Ergenlik dönemi 11-12 yaşlarında başlayıp yirmili yaşların başlarına kadar devam eder, hızlı bedensel, zihinsel ve duygusal değişiklikleri içeren dönemdir.
Bu dönemde;
- Duygulardaki hızlı değişimler dolayısıyla iniş çıkışlar olabilir.
- Dikkat dağınıklığı olabilir.
- Dış görüşüne ve diğer insanların düşüncelerine önem verebilir, dış dünyadan çabuk etkilenebilirler.
- Kimlik oluşturmaya çalıştıkları için birbirinden farklı kimlikleri seçebilirler.

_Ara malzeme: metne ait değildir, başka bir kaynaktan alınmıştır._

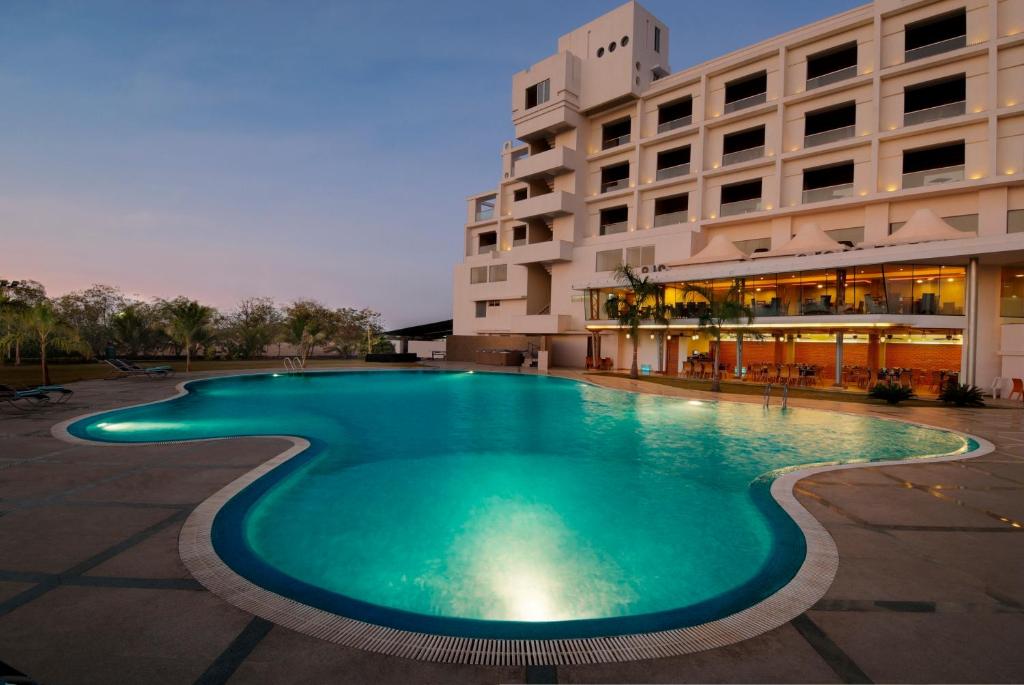 a swimming pool in front of a building at Seasons Rajkot in Rajkot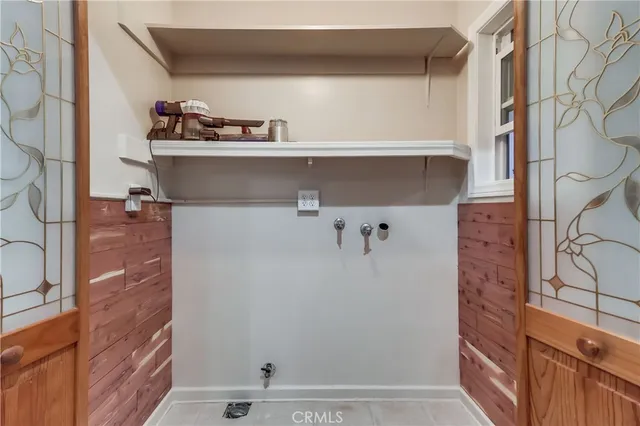 a kitchen with stainless steel appliances granite countertop a sink and a stove
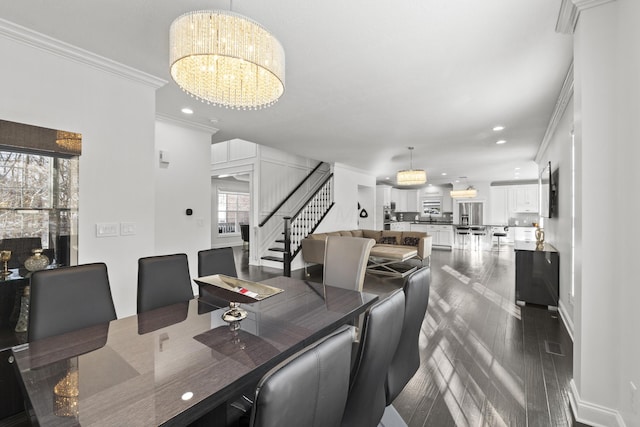 dining room with a healthy amount of sunlight, ornamental molding, and a notable chandelier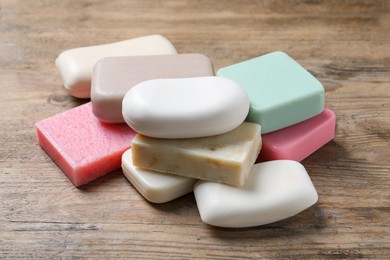 Photo of Many different soap bars on wooden table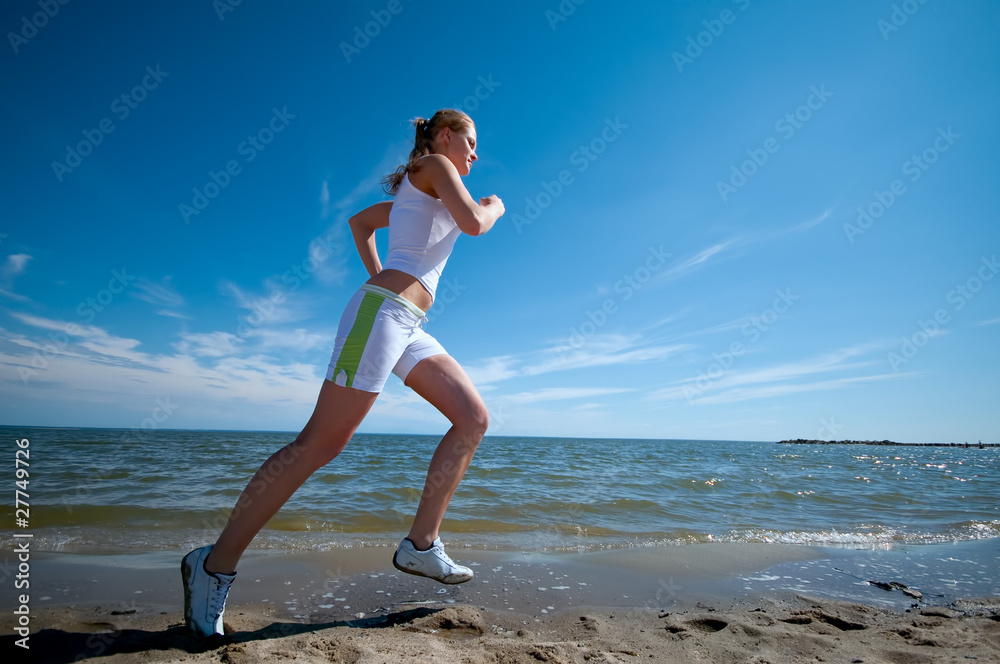 Sport woman running on beach Sport woman running on beach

- Fikirleri hızlı değişebilir, sevdikleri beğendikleri şeyler de hızla değişebilir.
- Otoriteye başkaldırma olabilir.
- Ebeveyne karşı gelme görülebilir. Fikirsel çatışmalar görülebilir. Kurallara karşı gelme ve kendi kurallarını oluşturma çabası olabilir.
- Birey olma çabası içindedirler, bağımsız olmaya çalışırlar.
- El kol koordinasyonları zayıftır bu yüzden sakarlık olabilir. Ayrıca sakarlığın bir sebebi de zihin bedeni gerçek uzunluğundan algılayamaz.
- Ben merkezlidir ve herkesin içinde ön plana çıkma arzusu içindedir.
- Aynı zamanda arkadaşlar aileden önemli gelebilir ve arkadaşlar birbirlerine benzeyebilir
arkadaşlarına karşı korumacıdır, arkadaşlıklarına müdahale edilmesine tahammül edemez.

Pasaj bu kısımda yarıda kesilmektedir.